日常生活を見直し、節約を心掛けて、支出額を減らす
支出する金額を減らすために、現状の収支をしっかりと把握することが大切です。その上で、日々の生活を見直し節約しましょう。
- 水道光熱費を抑えた生活をおくる
- 携帯電話を格安スマホに変更する
- 家賃が安いアパートへ引っ越す
- 保険を見直す
固定費を下げることで毎月の支出額を減らして、できる限り借金返済に充てましょう。
債務整理はメリット・デメリットを認識し、自分に合った方法を選択して手続きしよう!
法律で認められている借金減額または免除を目的とした「債務整理」であれば、借金救済を目的とした制度なので、あなたの借金問題をきっと解決へと導いてくれるでしょう。

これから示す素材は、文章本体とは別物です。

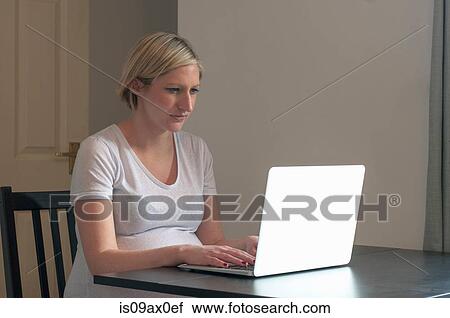 Pregnant woman sitting at table, using laptop computer View Large Photo Image Stock Image - Pregnant woman sitting at table, using laptop computer. Fotosearch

借金救済制度である「債務整理」には、任意整理や個人再生、自己破産などがあり、現在のあなたが置かれている状況や今後どのようにしたいのかによって選択する方法が異なってきます。
債務整理は債権者との交渉であったり、裁判所へ提出する必要書類の準備や作成といった手続きが必要になり、法的な知識が必要になります。
そのため、債務整理を行なう場合は専門の弁護士や司法書士に依頼することをお勧めします。
債務整理のどの方法を利用しても「一定のリスク」「デメリット」が発生しますが、その一方で借金を気にすることがない生活を取り戻せる可能性があります。
特に気になる「ブラックリストに載る」という部分ですが、デメリットもありますが、目の前の解決できない借金返済という問題の方が大きいと認識し、債務整理で「借金問題を解決するための第一歩」を踏み出すことの方が大事ではないでしょうか。
借金問題から心身共に解放されるためにも、前向きに検討して一日でも早く行動に移しましょう。